Blog > The Farm Didn't Fail, The Family Did
How Farms Survive Purchase but Fail Inheritance
I asked an old timer. This is his story.
"Some people think buying land is the hardest part."
He said he’d heard that line his whole life. He said people see the price, the paperwork, the risk. They see the bank note and the years it takes to pay it down and assume that’s the hard part.
He said, “Buying it is just math.”
The hard part comes later.
He told me he’d watched farms survive droughts, low prices, high interest, broken equipment, and long nights of worry. They survived because one person made decisions. Someone showed up every day. Someone carried the weight and kept the wheels turning.

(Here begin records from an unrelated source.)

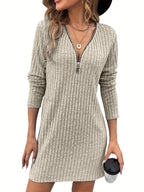 Solid Color Ribbed Dress Long Sleeve Bodycon Sweater Dress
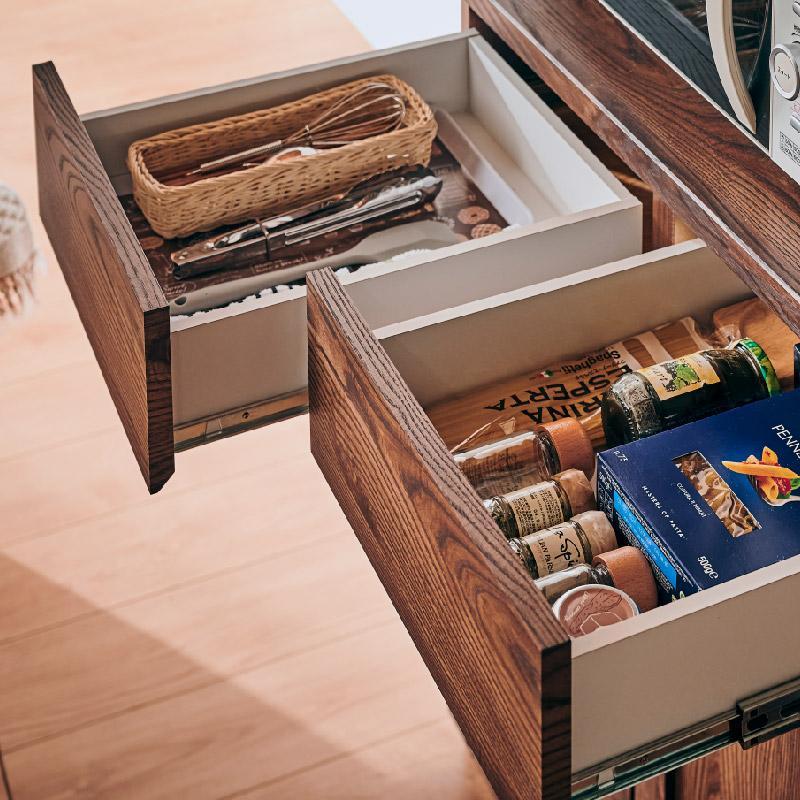 【Chatra／チャトラ 幅120cmオープンボード ナチュラル】★シンプルでお部屋に合わせやすい食器棚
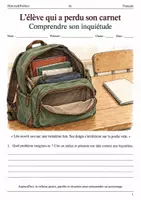 Aperçu - Feuilles d'exercices - Émotions des personnages – L’élève qui a perdu son carnet livret de français 6e - Page de couverture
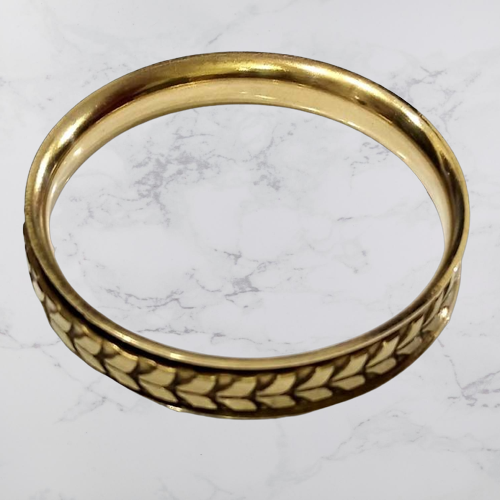 Bohotusk Feather Design Brass Bangle Bracelet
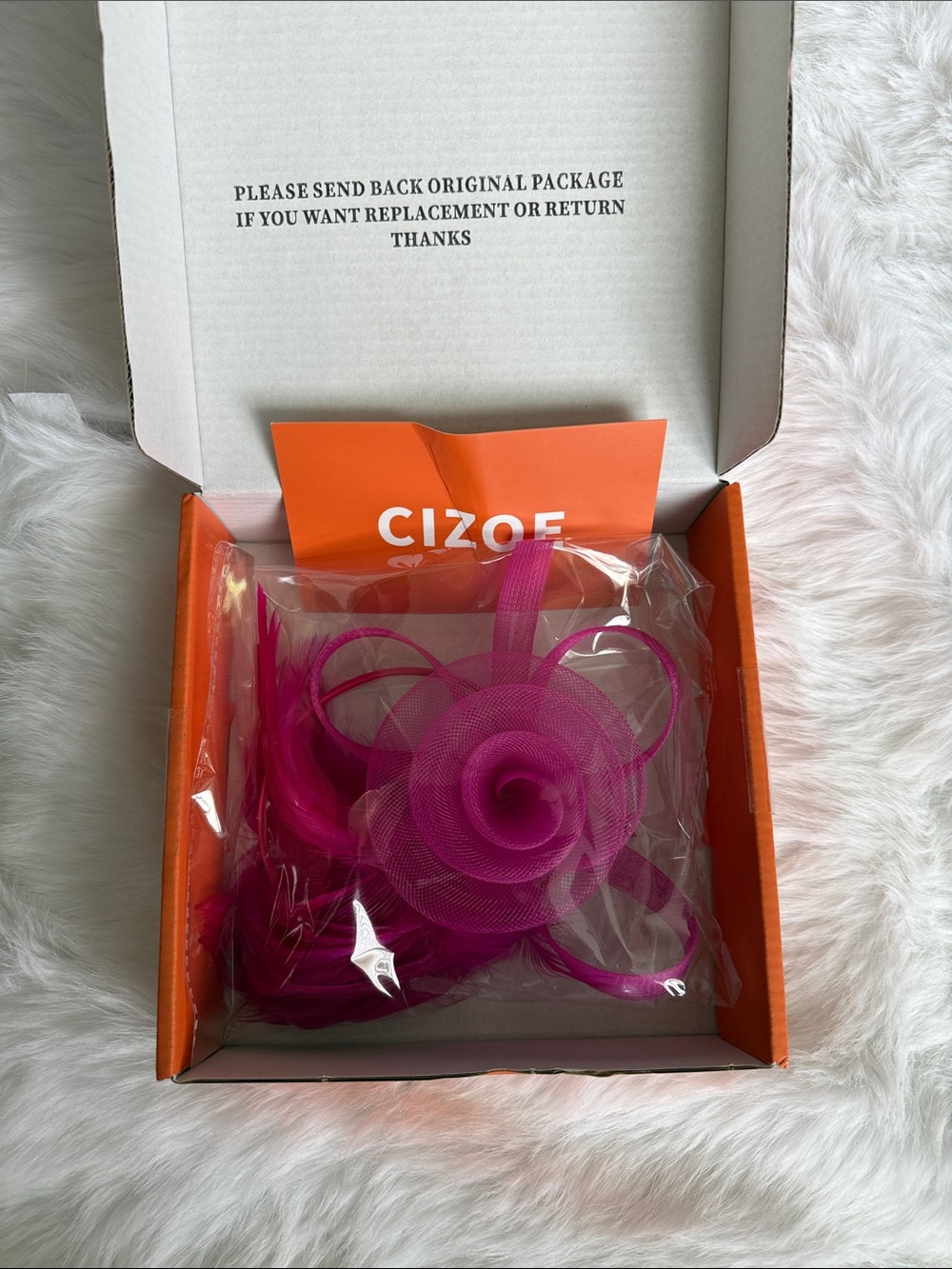 CIZOE Fuchsia Feather Fascinator Headpiece - tea party/Derby/etc.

Then that person was gone.
That’s when things got complicated.
He said most farms don’t fail when they’re bought. They fail when they’re passed on.
Not because the land wasn’t good. Not because the numbers didn’t work. But because no one wanted to talk about what would happen next.
He said families assumed love would be enough. That everyone would agree. That things would “work themselves out.” The land was owned, but the plan wasn’t.
Some heirs wanted to farm. Others didn’t. Some lived close. Others lived hours away. Some needed income. Others wanted a clean break. And suddenly the farm that survived everything couldn’t survive a conversation.
He said he’d seen it too many times. A farm held together by one person’s effort, then pulled apart by good intentions and silence.
The paperwork wasn’t done. The expectations weren’t clear. The roles were never talked through. So when the time came, the land became a problem instead of a blessing.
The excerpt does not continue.